Of course OpenAI wants you to think they will rule the world but if we’ve reached the plateau of LLM capabilities regardless of the amount of compute we throw at them then local models will soon be good enough.
> The first company which can achieve human level intelligence will just be able to...
They say prostitution is the oldest industry of all. We know how to achieve human-level intelligence quite well. The outstanding challenge is figuring out how to produce an energy efficient human-level intelligence.
There's no particular reason to assume a human level AI would be able to improve itself any better than the thousands of human level humans that designed it.
Sure, but: that single human with the intelligence of a top tier engineer of scientist will have immediate access to all human knowledge. Plus, what do you think happens the moment its optimizes itself to run in 2, 4, 8, 16, etc. parallel instances?
Well, A) "top tier engineer/scientist" is a significant step above generic human, B) the human engineers/scientists also have immediate access to the same database, C) The humans have been optimizing it for even longer, so what makes us think the AI can optimize itself even a couple percent?

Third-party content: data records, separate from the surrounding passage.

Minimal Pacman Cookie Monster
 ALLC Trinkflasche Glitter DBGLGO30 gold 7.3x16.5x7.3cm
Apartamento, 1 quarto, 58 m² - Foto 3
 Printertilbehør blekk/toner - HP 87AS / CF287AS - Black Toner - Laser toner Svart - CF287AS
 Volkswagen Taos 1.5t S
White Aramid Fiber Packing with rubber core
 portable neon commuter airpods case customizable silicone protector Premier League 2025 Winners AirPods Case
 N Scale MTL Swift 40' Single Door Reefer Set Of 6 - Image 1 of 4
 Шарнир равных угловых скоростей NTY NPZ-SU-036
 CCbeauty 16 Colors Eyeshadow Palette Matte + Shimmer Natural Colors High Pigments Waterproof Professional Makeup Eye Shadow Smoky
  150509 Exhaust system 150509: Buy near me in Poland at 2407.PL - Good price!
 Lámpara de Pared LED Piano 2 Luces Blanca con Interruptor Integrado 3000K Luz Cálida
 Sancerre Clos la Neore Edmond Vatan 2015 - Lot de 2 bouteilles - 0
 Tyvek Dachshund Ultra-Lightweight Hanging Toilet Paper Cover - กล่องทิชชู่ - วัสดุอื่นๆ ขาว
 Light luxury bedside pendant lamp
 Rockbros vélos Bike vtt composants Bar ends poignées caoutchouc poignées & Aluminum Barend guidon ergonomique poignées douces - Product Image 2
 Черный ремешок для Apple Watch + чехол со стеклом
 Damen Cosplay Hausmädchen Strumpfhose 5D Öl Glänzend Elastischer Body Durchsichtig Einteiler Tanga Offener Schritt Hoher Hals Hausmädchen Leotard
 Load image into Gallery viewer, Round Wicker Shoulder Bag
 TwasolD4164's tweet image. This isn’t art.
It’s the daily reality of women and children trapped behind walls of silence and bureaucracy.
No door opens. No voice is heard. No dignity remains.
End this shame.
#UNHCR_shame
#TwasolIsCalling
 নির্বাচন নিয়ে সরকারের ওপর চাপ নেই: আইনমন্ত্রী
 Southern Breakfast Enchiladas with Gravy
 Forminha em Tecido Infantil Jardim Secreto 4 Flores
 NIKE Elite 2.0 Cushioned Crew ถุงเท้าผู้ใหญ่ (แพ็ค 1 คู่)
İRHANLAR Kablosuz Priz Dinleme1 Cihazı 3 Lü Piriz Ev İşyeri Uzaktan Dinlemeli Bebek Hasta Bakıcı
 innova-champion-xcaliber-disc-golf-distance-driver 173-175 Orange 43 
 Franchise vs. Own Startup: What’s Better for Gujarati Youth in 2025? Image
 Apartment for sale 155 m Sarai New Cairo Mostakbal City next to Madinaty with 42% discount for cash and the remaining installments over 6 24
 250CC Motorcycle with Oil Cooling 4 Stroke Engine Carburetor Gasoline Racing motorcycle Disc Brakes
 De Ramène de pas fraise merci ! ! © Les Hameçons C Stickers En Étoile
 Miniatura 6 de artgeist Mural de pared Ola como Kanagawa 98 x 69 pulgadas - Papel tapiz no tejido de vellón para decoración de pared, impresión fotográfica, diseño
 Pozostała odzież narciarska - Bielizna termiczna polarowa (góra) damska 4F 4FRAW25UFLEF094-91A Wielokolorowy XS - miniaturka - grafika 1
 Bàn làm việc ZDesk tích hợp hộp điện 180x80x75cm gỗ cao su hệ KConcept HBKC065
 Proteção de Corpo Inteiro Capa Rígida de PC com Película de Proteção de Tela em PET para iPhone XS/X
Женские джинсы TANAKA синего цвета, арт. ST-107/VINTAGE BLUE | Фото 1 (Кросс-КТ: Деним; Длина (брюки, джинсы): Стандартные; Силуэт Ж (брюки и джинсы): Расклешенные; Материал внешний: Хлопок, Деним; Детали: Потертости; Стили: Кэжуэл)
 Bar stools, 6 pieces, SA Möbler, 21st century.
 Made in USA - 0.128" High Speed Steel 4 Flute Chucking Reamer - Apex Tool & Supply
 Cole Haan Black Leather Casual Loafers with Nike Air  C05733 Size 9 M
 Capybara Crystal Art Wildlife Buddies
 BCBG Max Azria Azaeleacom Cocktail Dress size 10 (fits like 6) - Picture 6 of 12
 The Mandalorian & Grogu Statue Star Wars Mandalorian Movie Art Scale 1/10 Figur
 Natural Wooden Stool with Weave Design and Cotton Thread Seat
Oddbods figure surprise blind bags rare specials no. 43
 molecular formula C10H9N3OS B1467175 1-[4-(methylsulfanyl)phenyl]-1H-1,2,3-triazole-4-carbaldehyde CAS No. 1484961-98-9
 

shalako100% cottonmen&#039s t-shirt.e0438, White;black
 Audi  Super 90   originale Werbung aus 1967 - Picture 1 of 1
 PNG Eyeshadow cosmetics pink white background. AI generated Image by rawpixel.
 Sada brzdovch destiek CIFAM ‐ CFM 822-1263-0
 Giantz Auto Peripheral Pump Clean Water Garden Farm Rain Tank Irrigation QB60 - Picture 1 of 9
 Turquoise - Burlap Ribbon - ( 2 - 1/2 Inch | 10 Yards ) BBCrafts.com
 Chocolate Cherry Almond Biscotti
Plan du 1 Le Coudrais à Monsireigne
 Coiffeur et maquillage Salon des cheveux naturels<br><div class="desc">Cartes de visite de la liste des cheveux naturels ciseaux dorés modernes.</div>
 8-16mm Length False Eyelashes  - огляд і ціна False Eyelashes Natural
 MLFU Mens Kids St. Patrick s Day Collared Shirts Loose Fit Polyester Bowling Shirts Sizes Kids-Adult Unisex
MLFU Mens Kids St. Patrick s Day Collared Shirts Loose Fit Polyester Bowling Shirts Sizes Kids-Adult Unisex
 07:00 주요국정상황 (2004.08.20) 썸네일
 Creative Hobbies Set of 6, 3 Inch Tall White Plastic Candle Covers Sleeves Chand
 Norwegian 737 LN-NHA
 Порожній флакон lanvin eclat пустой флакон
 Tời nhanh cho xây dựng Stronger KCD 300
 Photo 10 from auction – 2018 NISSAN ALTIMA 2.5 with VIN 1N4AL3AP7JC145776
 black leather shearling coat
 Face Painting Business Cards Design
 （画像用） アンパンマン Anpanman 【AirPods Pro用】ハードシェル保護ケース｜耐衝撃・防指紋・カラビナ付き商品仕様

For example, if the number of AIs you can run per petaflop started to scale with the cube root of researcher-years, then even if your researcher AIs are quite fast and you can double your density in a couple years, hitting 5x will take a decade and hitting 10x will approach half a century.
MoE feels a lot more like engineering to me. You're routing around the problem rather than actually solving it. The real math gains are things like quantization schemes that change how information is actually represented. Whether that distinction matters long term probably will depend on whether we hit a capability wall first or an efficiency ceiling first.